Interestingly, Firefox stores all of its old data from that profile in a new folder that will be placed on your desktop. You can potentially use this information to restore your original browser settings if the reset didn’t fix your hijacking problem.
You can alternatively delete it if things are back to normal.
For Edge, click on the main menu button in the top right-hand corner (three horizontal dots). Then click the “settings” button that appears afterward. The left side of the window should have a “reset settings” button as well.
The new window will include a “restore settings to their default values” button: click this now.

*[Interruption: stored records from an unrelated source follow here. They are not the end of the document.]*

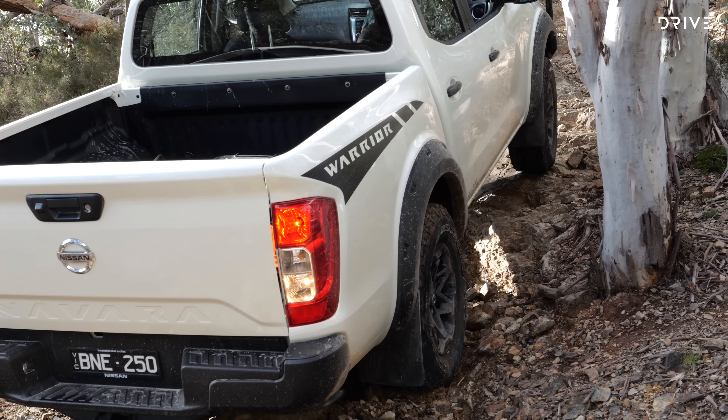The second row of the Navara SL Warrior is mostly on par with the rest of the segment for space and comfort. There are air vents in the back but no USB power outlets in this specification. The tub is fitted with a standard drop-in tub liner, though there are no power outlets there and the sliding tie-down rail from more expensive variants is missing. Under the bonnet is the same 2.3-litre four-cylinder twin-sequential-turbocharged diesel making 140 kilowatts and 450 Newton-metres, running through a seven-speed automatic gearbox and low-range transfer case. The four-wheel drive system is part-time with a rear differential locker.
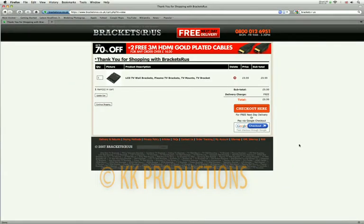Don't forget, all our brackets come with free next day delivery. And if you have any problems, please give us a call.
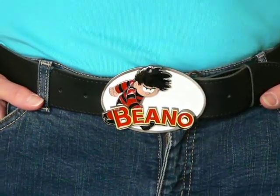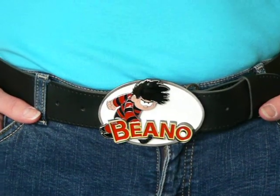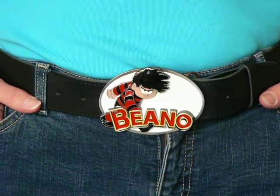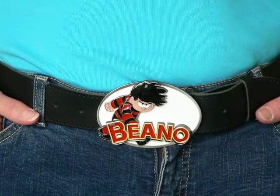This is Dennis from the Beano from our Cartoon range. It's a great buckle for kids or adults and it's multicolored and comes highly painted in solid pewter and zinc.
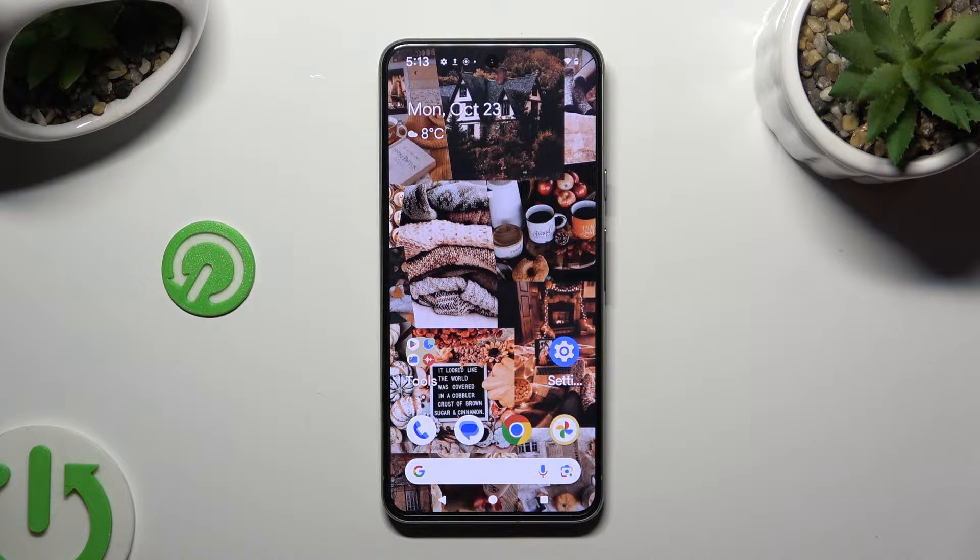Hi! In front of me is Google Pixel 8 and today I would like to show you how you can select and delete multiple photos at once.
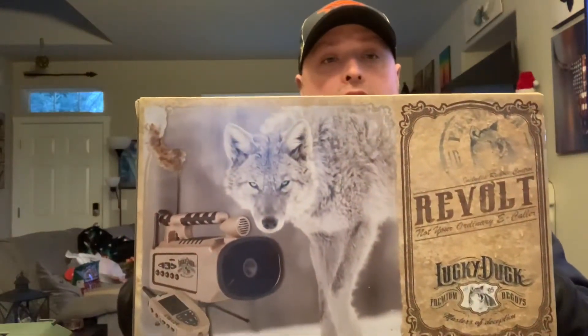Hey, welcome to Valhalla Predator Hunting. It'll be the first of many videos to come, but today we've got some really cool items to unbox so later on we can do the review on it. Today we're going to be unboxing the Lucky Duck Revolt Predator Call and seeing what they have to offer inside the box.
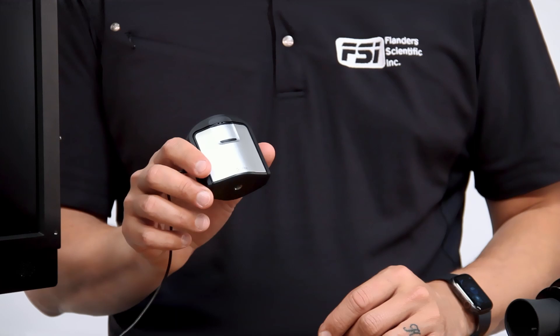Hi, I'm Bram Desmet with Flanders Scientific, and today we have some really exciting news for you. Our DM Series Volumetric AutoCal is now compatible with the extremely capable and affordable i1D3 colorimeter.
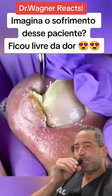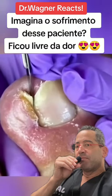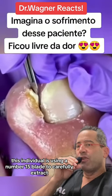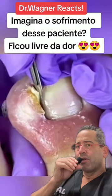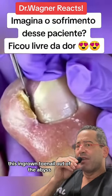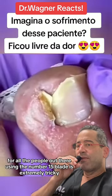Okay, let's see what we got here. This is a monster paronychia, chronic in nature until proven otherwise. This individual is using a number 15 blade to carefully extract this ingrown toenail out of the abyss. For all the people out there, using the number 15 blade is extremely tricky.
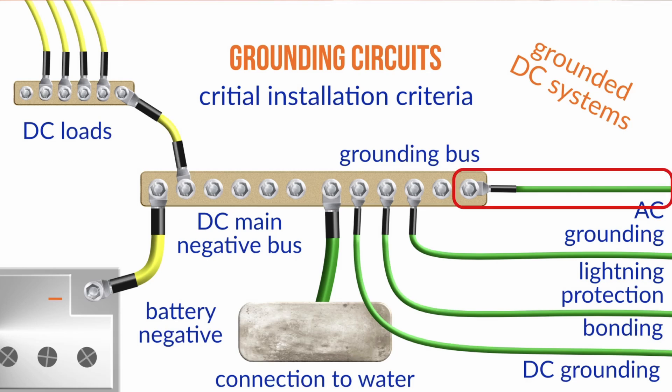Grounding is not an easy topic, so what's the requirement for these cables, Nigel? We're actually talking about three different conductors. We've got the AC grounding circuit, which gets tied to the grounding person into the water — that's going to be sized based on whatever the conductor size is in that grounding circuit, which normally in America would be a 10-gauge or 12-gauge conductor.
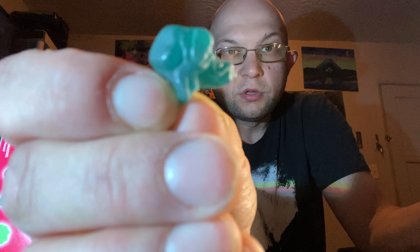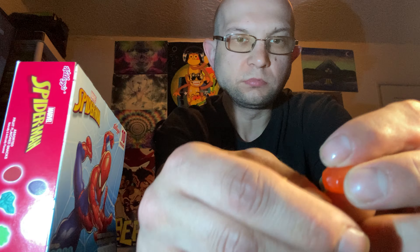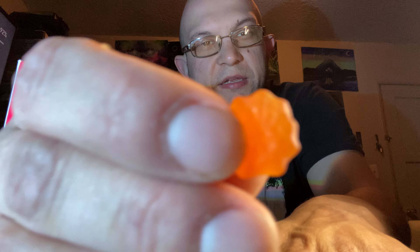It tastes like grape. Blue — I don't know what the hell this is supposed to be, some kind of blue guy. Orange spiderweb, I guess — if you're lazy you could just keep making spiderwebs. Oh okay, well of course you gotta have red Spider-Man, actual color Spider-Man.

Click through the confirmation dialog, as it’ll tell you which components will be restored to their default states.
Internet Explorer is oddly slightly different from Edge, even though they are both made by Microsoft. Open your Internet Explorer browser and click the gear icon in the top right-hand corner of the interface. Click “Internet options”.
You should then be able to select the “advanced” tab, then the following “reset” button. This will bring up a new section, at which point you should check the “delete personal settings” before clicking the reset button to finalize the process. The final confirmation dialog box will include a “close” button to let you know that you’ve finished.
Overall, while browser hijacking can be quite annoying and potentially risky for your security, it’s a threat that can be overcome with vigilance and the right program assistance. Browser hijacking is a constant threat for anyone who enjoys the benefits of the Internet, but avoiding:
- free programs
- installing programs without reading all of their terms and conditions/requirements
- downloading plug-ins or add-ons that you don’t really need
- avoiding phishing emails
- not visiting websites that are not secure
This will all go a long way toward keeping your browser safe from hackers and improving your browsing experience. If you do ever encounter a browser hijacking bug, there are lots of different solutions you can bring to bear on the problem, ranging from antivirus removal services to browser resetting. Good luck!